On the other hand, if the assembly of the gasket G and flared part 4 is produced by direct moulding of the flared part on the insert constituted by the gasket, there is no longer any relative sliding to take place between the polypropylene of the flared part and the rubber of the gasket; the active part of the latter may thus have a general cylindrical shape, like the intermediate part 14. This configuration is shown in figures 5 and 6. In this case, the connection naturally involves both the end face 21 of the flared part and its inner surface 22, but the connection is absolutely reliable solely on the surfaces of the gasket cleaned prior to moulding of the flared part.

Figure 7 shows another variation in which the gasket G' does not comprise a heel portion, but has a completely cylindrical outer surface 23. Connection may take place by moulding the flared part on the insert constituted by the gasket G', after cleaning the surface 23. In this case, as in the preceding example, the active part of the gasket may be cylindrical, since there is no relative movement of the flared part with respect to this gasket.

It is also possible to envisage "mirror" welding in the following manner: the diameter of the surface 23 is chosen to be slightly less than the diameter D. A cylindrical or frustoconical split heating ring is placed between the gasket and the flared part, suitably positioned axially.
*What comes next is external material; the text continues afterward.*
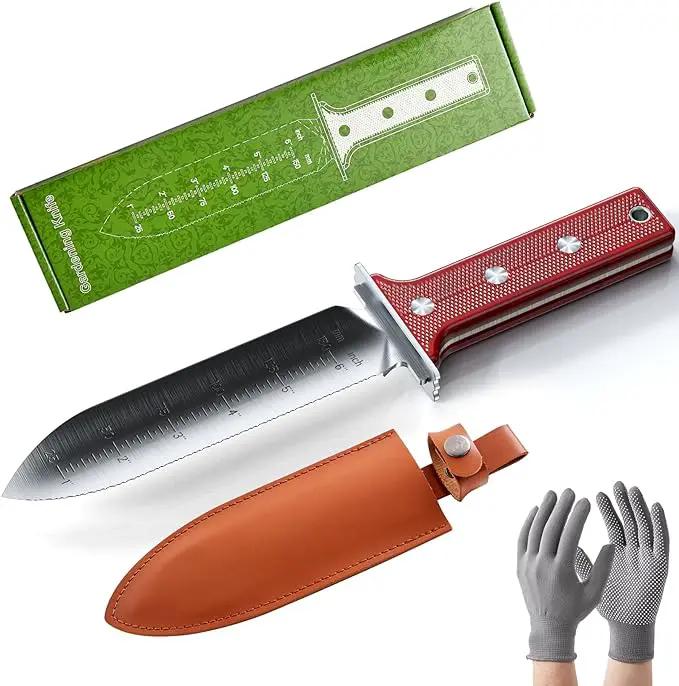 Gardening Hori Hori Garden Knife - Gardening Knife,Soil Knife, Serrated Side Weeding Knife,Digging Knife,Garden Knives With Sheath,Full Tang Hori Hori Knife by GreenHaven Gardens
When the inner surface of the flared part becomes soft, this ring is withdrawn and one brings about expansion of the gasket, for example by means of an inflatable inner tube. In this case, it is desirable that the active part of the gasket has a frustoconical shape, as shown in figure 7.

Owing to the usefulness of a ring for centering the male end 8 and protecting the joint from dust and other foreign bodies, it is naturally possible to attach a ring B' of this type to the joints of figures 3 to 8, as shown in dot-dash lines in figures 7 and 8.

It should be noted that in all the examples mentioned, where the gasket acts by radial compression between the flared part and the male end or by the application of its two terminal lips against these two parts, connection with heating of the gasket to the relative surface of the socket may be imperfect, without this impairing the seal. It is sufficient if this connection is solid enough to counterbalance the axial forces exerted on the gasket, which is the case.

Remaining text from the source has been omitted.